From: Duncan <1i5t5.duncan@cox.net>
To: linux-btrfs@vger.kernel.org
Subject: Re: [auto-]defrag, nodatacow - general suggestions?(was: btrfs: poor performance on deleting many large files?)
Date: Mon, 14 Dec 2015 10:51:11 +0000 (UTC) [thread overview]
Message-ID: <pan$ebb43$1588cbbe$750076d0$4848c51f@cox.net> (raw)
In-Reply-To: 1450057495.2388.40.camel@scientia.net
Christoph Anton Mitterer posted on Mon, 14 Dec 2015 02:44:55 +0100 as
excerpted:
> Two more on these:
>
> On Thu, 2015-11-26 at 00:33 +0000, Hugo Mills wrote:
>> 3) When I would actually disable datacow for e.g. a subvolume that
>> > holds VMs or DBs... what are all the implications?
>> After snapshotting, modifications are CoWed precisely once, and
>> then it reverts to nodatacow again. This means that making a snapshot
>> of a nodatacow object will cause it to fragment as writes are made to
>> it.
> AFAIU, the one the get's fragmented then is the snapshot, right, and the
> "original" will stay in place where it was? (Which is of course good,
> because one probably marked it nodatacow, to avoid that fragmentation
> problem on internal writes).
No. Or more precisely, keep in mind that from btrfs' perspective, in
terms of reflinks, once made, there's no "original" in terms of special
treatment, all references to the extent are treated the same.
What a snapshot actually does is create another reference (reflink) to an
extent. What btrfs normally does on change as a cow-based filesystem is
of course copy-on-write the change. What nocow does, in the absence of
other references to that extent, is rewrite the change in-place.
But if there's another reference to that extent, the change can't be in-
place because that would change the file reached by that other reference
as well, and the change was only to be made to one of them. So in the
case of nocow, a cow1 (one-time-cow) exception must be made, rewriting
the changed data to a new location, as the old location continues to be
referenced by at least one other reflink.
So (with the fact that writable snapshots are available and thus it can
be the snapshot that changed if it's what was written to) the one that
gets the changed fragment written elsewhere, thus getting fragmented, is
the one that changed, whether that's the working copy or the snapshot of
that working copy.
> I'd assume the same happens when I do a reflink cp.
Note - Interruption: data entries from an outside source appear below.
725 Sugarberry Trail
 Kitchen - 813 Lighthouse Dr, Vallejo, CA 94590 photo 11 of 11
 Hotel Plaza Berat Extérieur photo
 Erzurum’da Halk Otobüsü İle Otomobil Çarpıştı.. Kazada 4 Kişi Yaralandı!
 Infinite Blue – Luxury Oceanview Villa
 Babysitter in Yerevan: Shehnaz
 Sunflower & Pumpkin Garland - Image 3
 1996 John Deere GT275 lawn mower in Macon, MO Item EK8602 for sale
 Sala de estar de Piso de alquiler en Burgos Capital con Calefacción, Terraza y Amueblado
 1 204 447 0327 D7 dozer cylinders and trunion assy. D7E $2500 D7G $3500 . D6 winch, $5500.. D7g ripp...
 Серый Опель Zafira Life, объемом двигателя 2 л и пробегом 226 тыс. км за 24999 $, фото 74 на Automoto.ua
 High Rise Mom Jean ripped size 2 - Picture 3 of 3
Yes. It's the same reflinking mechanism, after all. If there's other
reflinks to the extent, snapshot or otherwise, changes must be written
elsewhere, even if they'd otherwise be nocow.
> Can one make a copy, where one still has atomicity (which I guess
> implies CoW) but where the destination file isn't heavily fragmented
> afterwards,... i.e. there's some pre-allocation, and then cp really does
> copy each block (just everything's at the state of time where I stared
> cp, not including any other internal changes made on the source in
> between).
The way that's handled is via ro snapshots which are then copied, which
of course is what btrfs send does (at least in non-incremental mode, and
incremental mode still uses the ro snapshot part to get atomicity), in
effect.
> And one more:
> You both said, auto-defrag is generally recommended.
> Does that also apply for SSDs (where we want to avoid unnecessary
> writes)?
> It does seem to get enabled, when SSD mode is detected.
> What would it actually do on an SSD?
Did you mean it does _not_ seem to get (automatically) enabled, when SSD
mode is detected, or that it _does_ seem to get enabled, when
specifically included in the mount options, even on SSDs?
Or did you actually mean it the way you wrote it, that it seems to be
enabled (implying automatically, along with ssd), when ssd mode is
detected?
Because the latter would be a shock to me, as that behavior hasn't been
documented anywhere, but I can't imagine it's actually doing it and that
you actually meant what you actually wrote.
If you look waaayyy back to shortly before I did my first more or less
permanent deployment (I had initially posted some questions and did an
initial experimental deployment several months earlier, but it didn't
last long, because $reasons), you'll see a post I made to the list with
pretty much the same general question, autodefrag on ssd, or not.
I believe the most accurate short answer is that the benefit of
autodefrag on SSD is fuzzy, and thus left to local choice/policy, without
an official recommendation either way.
There are two points that we know for certain: (1) the zero-seek-time of
SSD effectively nullifies the biggest and most direct cost associated
with fragmentation on spinning rust, thereby lessening the advantage of
autodefrag as seen on spinning rust by an equally large degree, and (2)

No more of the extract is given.